A nicer approach here is to simply show that if $x \in \ker T$ and $y \in \operatorname{Im}(T)$ are such that $x + y = 0$, then it must be that $x = y = 0$ (to put it another way: we'd like to show that $\ker T \cap \operatorname{Im}(T) = \{0\}$).

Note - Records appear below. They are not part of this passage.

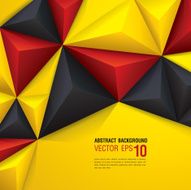 Vector geometric background in German flag concept N2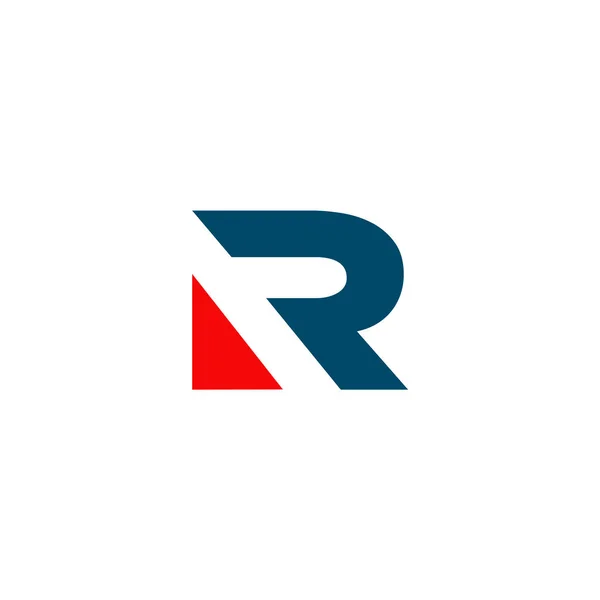 Шаблон логотипа буквы R — стоковый вектор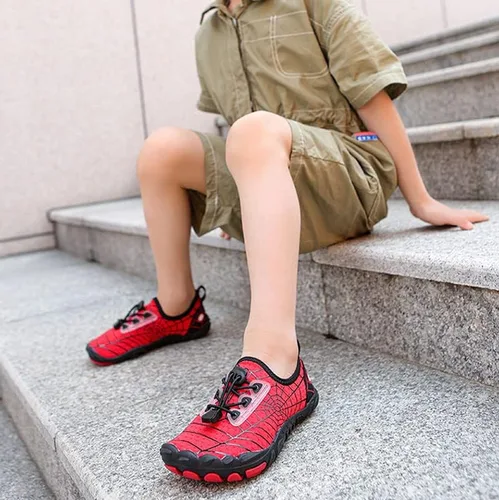 Vista 5 de Zapatos deportivos para niños, zapatos de agua ligeros, zapatos de natación para playa, zapatos descalzos, antideslizantes, transpirables
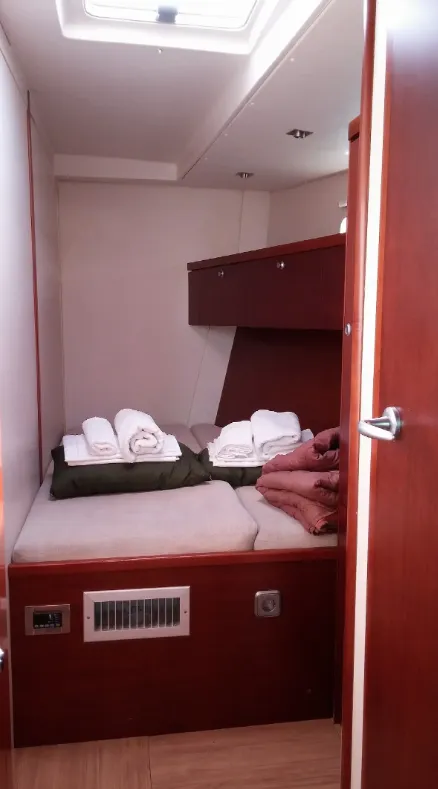 Cabin on Apollonis, a Hanse Yachts Hanse 540e sailboat at Salamina Municipal Unit, Greece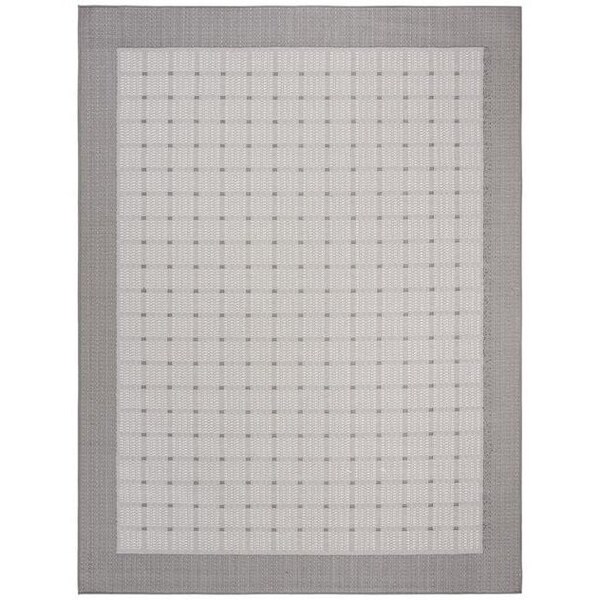 Safavieh 6 ft. 7 in. x 6 ft. 7 in. Bermuda 800 Power-Loomed Round Rug Gray & Ivory - BMU801F-7R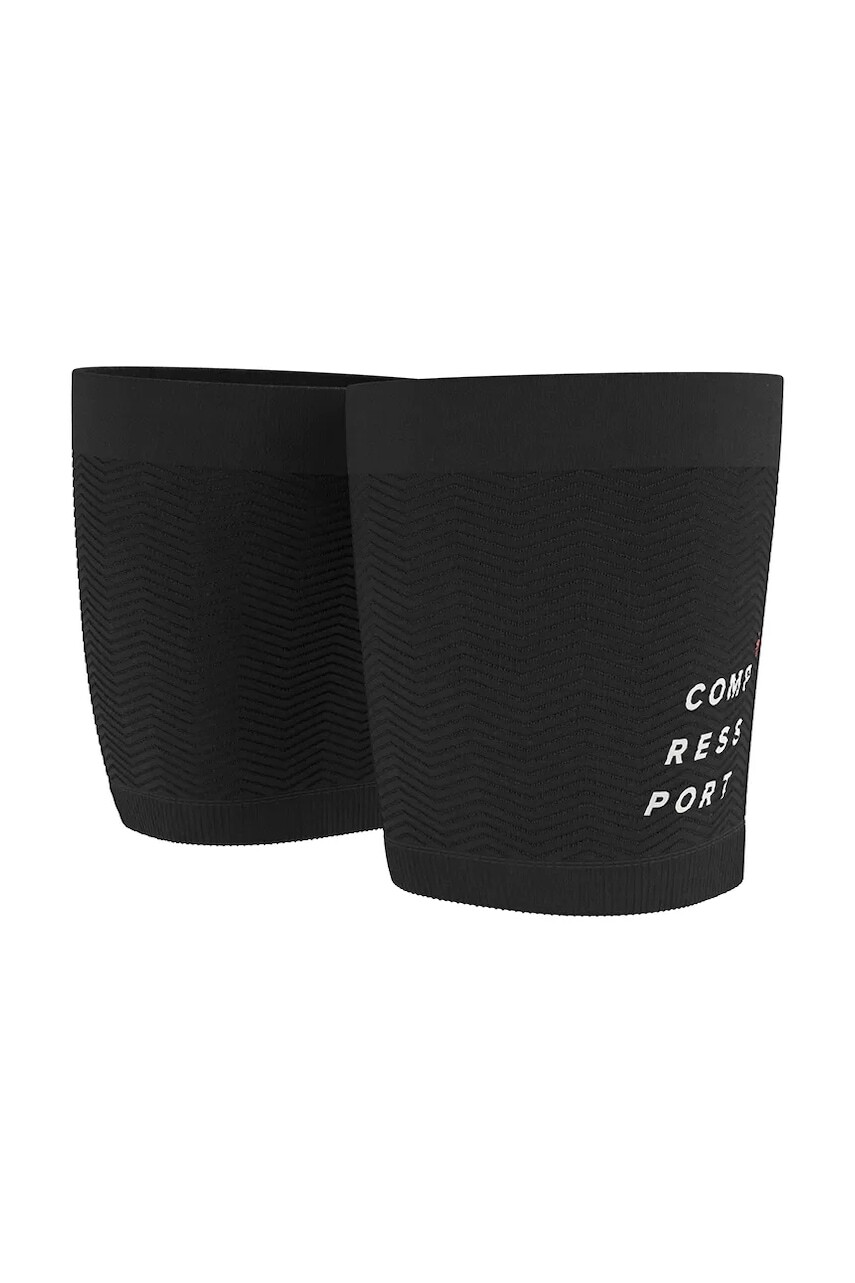 Kompresné obväzy na stehná Compressport Under Control čierna farba, SU00026B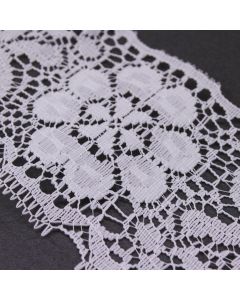 73mm Wide White Vintage Style Lace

With this shown, we can conclude that if
$$
\sum \beta_i b_i + \sum \gamma_i c_i = 0
$$
then it must be the case that $\sum \beta_i b_i = 0$ and $\sum \gamma_i c_i = 0$, which (by the linear independence of the individual bases) implies that all $\beta_i$ and $\gamma_i$ are $0$.  So,

Claim: $x \in \ker T$ and $y \in \operatorname{Im}(T)$ are such that $x + y = 0$, then it must be that $x = y = 0$

Proof of claim: Let $v$ be such that $y = Tv$. Note that $x + y = 0$.  Thus, $T(x + y) = T(0) = 0$.  So, we have
$$
0 = T(x + y) = Tx + Ty = 0 + T(Tv) = T^2 v = 2Tv = 2y
$$
So, $2y = 0$, which means $y = 0$.  Since $x + y = 0$, conclude that $x = 0$ as well. $\square$
Next, we need to show that every vector in $v \in V$ can be written in the form $v = x + y$ where $x \in \ker(T)$ and $y \in \operatorname{Im}(T)$.  There are several approaches that work here, but there are two I like: once is to simply argue that $\ker(T) \cap \operatorname{Im}(T) = \{0\}$, which means that $\ker(T) + \operatorname{Im}(T)$ is necessarily an $n$-dimensional subspace of $V$.  The second approach is to note that every $v \in V$ can be decomposed as
$$
v = \underbrace{\left(v - \frac 12 Tv\right)}_x + \underbrace{\frac 12 Tv}_{y}
$$

Part 2 is easy if you understand what it means to write the matrix of a transformation with respect to a particular basis.  In particular, you should argue that the matrix of $T$ with respect to $A = (b_1,...,b_k,c_1,...,c_{n-k})$ is of the desired diagonal form.
A: For the first item you need to prove that Ker$T$ $\cap$ Im$T=\{0\}$. Let $\{b_1,\dots, b_k\}$ be a basis for Ker$T$, and let $v\in$ Im$T$. Suppose $v\in$Ker$T$ $\cap$ Im$T$, then $v=a_1b_1+\cdots+a_kb_k$, Hence 
$$T(v)=\sum_{i=1}^k a_i T(b_i)=0$$
On the other hand, since $T^2=2T$ and $v\in$ Im$T$, there exists $u\in V$ such that $T(u)=v$, hence $T^2(u)=T(v)=0$ and $T^2(u)=2T(u)$, that is $T(T(u)-2u)=0$. This implies that $T(v-2u)=T(v)-2T(u)=0$, hence $2v=0$, so $v=0$.
For the second point, the matrix associate to the basis $\{b_1,...,b_k,c_1,..,c_{n-k}\}$ is diagonal, because $T(b_i)=0$ and $T(c_j)=2c_j$.